Task description>
With pictures left out, output exactly the lines of the listing below from the line that has "밀짚꽃,꽃,꽃사진,식물,야" to the line that has "Meet your Posher, Jose", both lines kept.

Provided entries>

......

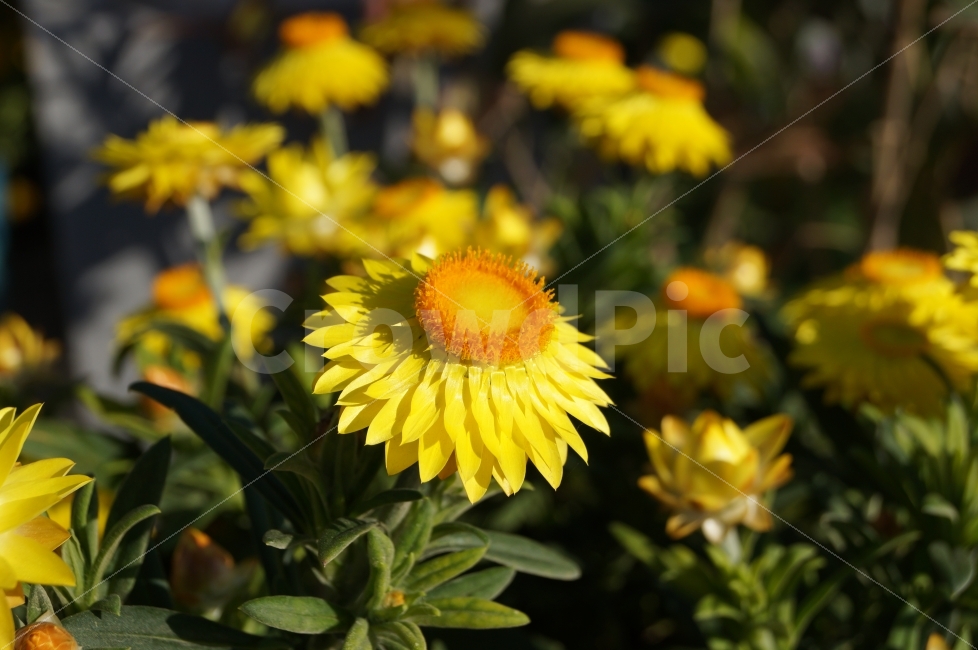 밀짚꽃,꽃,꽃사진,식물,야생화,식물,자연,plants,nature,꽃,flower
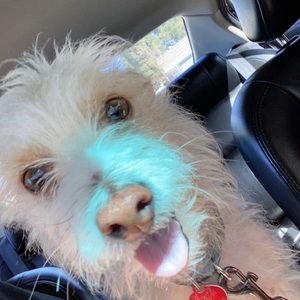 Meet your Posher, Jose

......

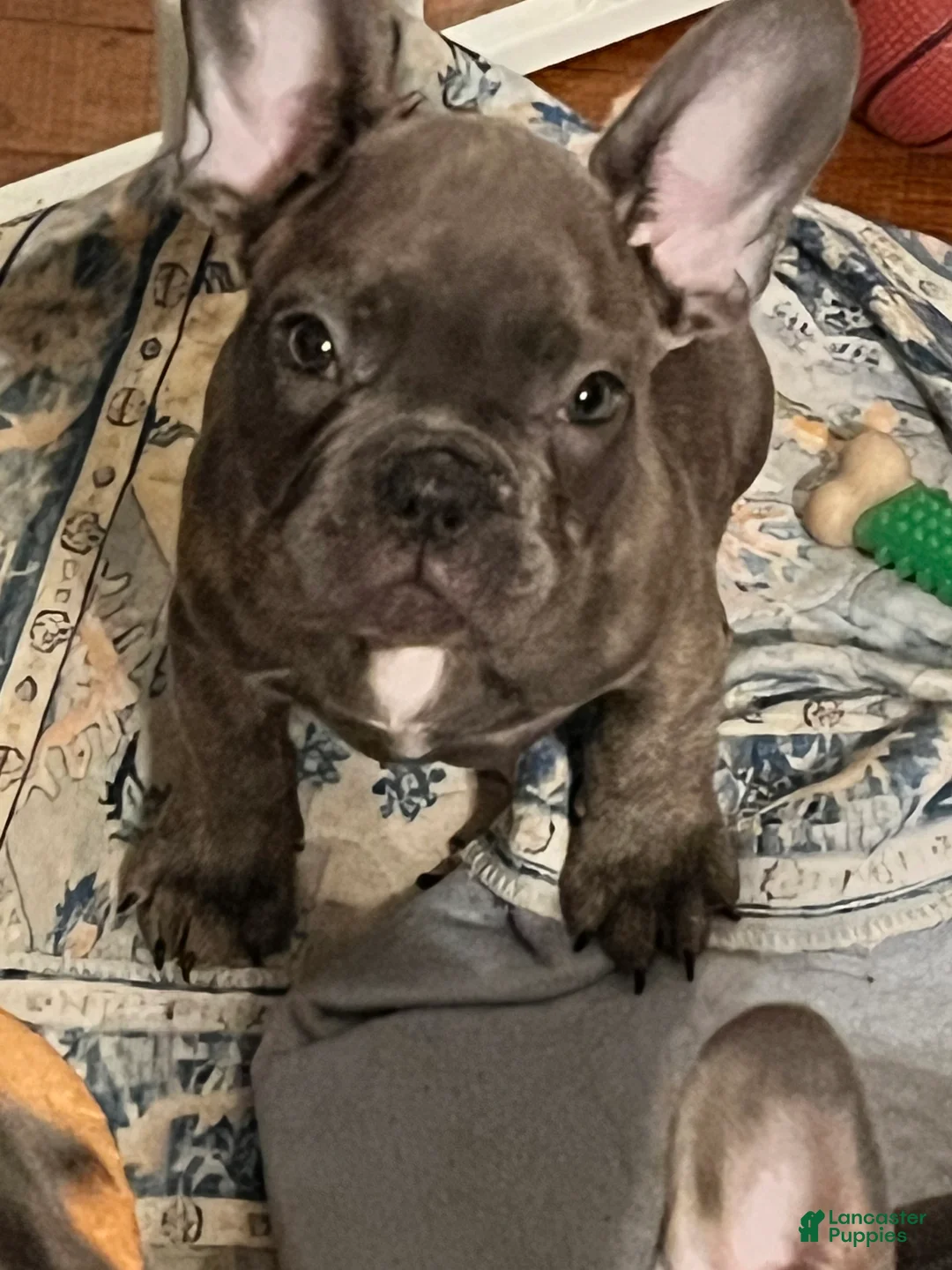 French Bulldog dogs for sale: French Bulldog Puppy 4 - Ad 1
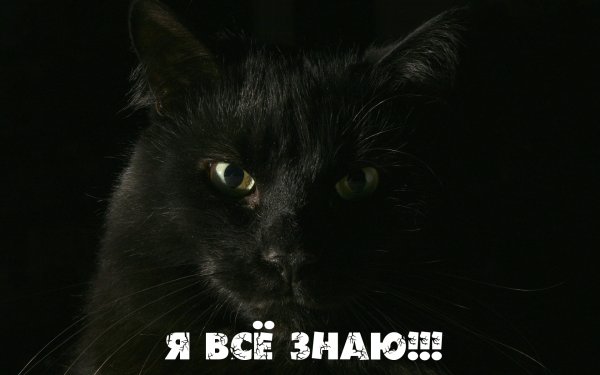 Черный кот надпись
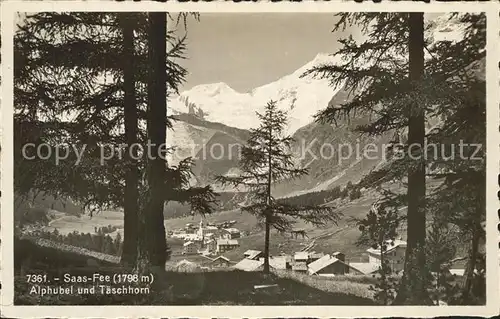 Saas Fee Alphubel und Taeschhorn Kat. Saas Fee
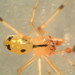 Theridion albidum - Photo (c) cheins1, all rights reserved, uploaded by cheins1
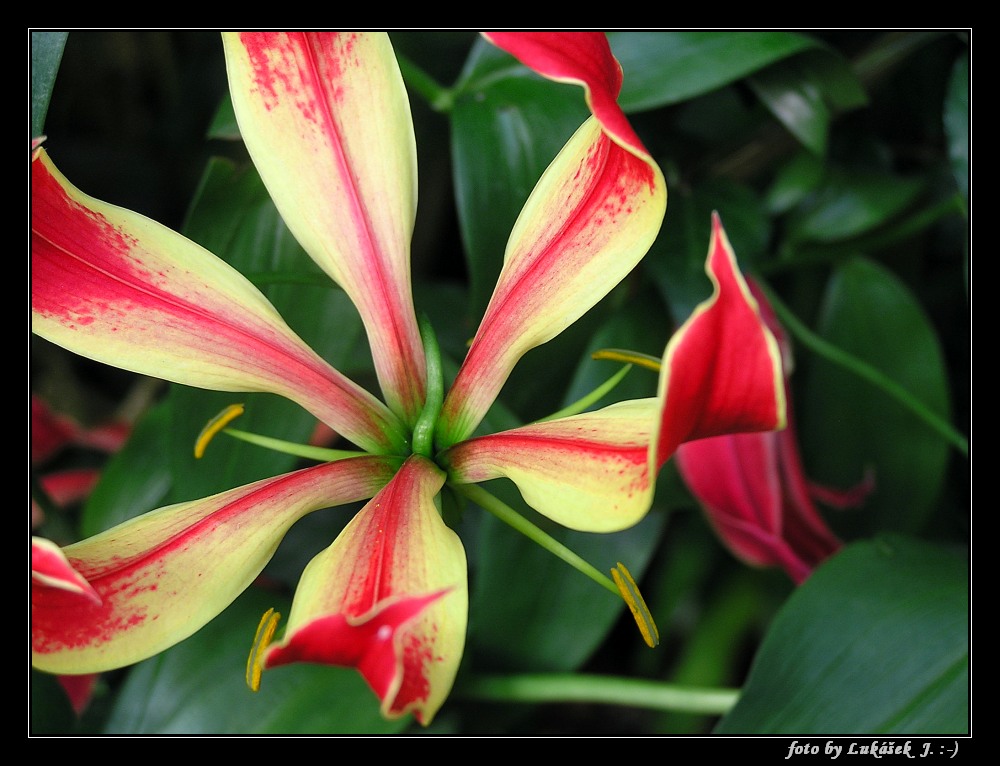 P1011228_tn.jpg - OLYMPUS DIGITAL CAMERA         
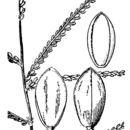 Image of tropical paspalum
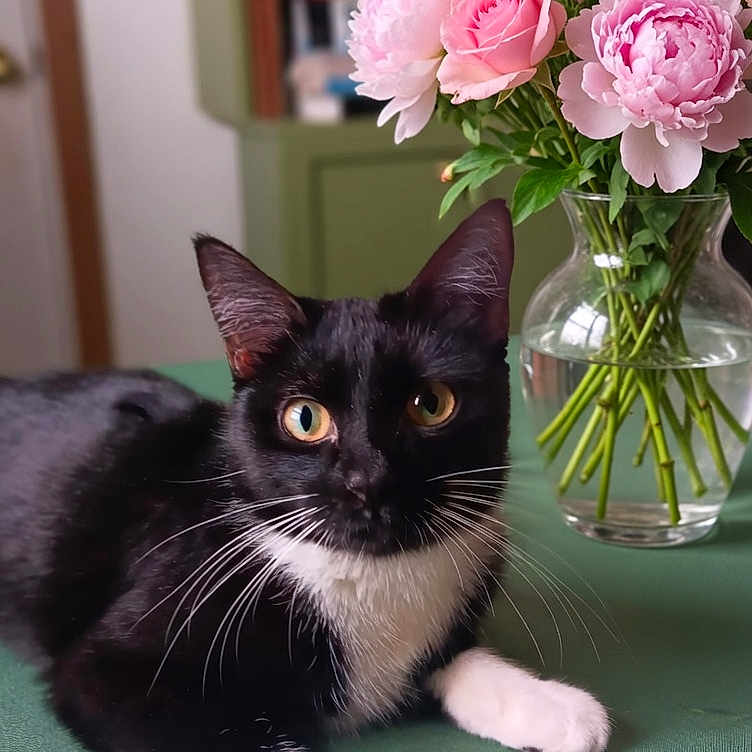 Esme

......

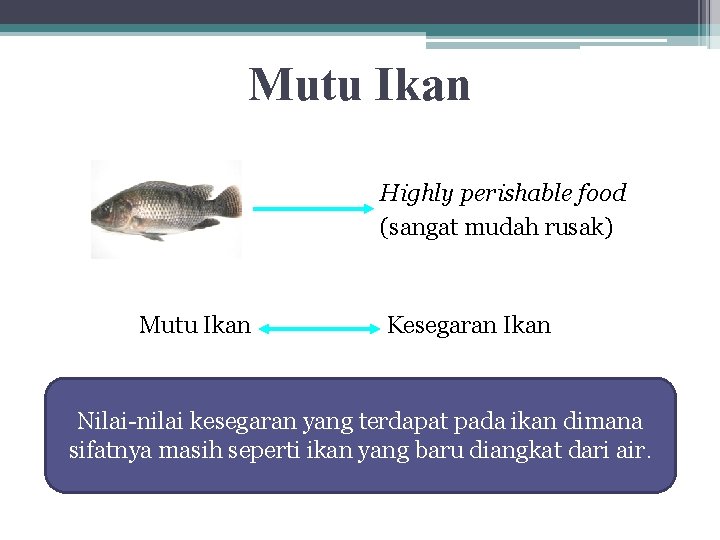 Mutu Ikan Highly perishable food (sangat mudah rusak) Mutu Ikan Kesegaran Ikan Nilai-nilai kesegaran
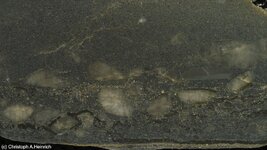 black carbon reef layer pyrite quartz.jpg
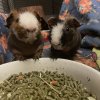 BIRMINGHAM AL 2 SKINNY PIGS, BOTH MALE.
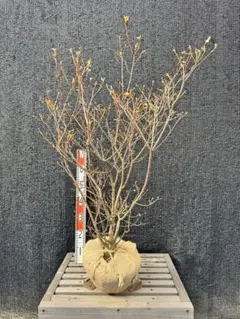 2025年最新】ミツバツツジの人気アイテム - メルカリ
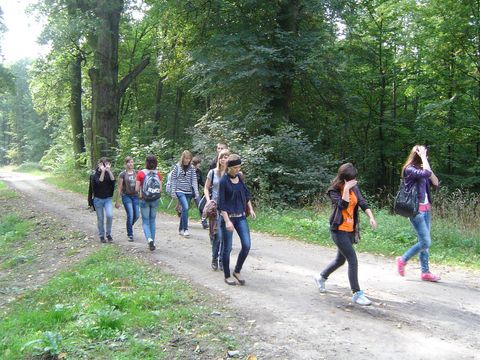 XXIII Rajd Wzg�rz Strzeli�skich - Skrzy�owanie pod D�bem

......

Completed exercise>
 밀짚꽃,꽃,꽃사진,식물,야생화,식물,자연,plants,nature,꽃,flower
 Meet your Posher, Jose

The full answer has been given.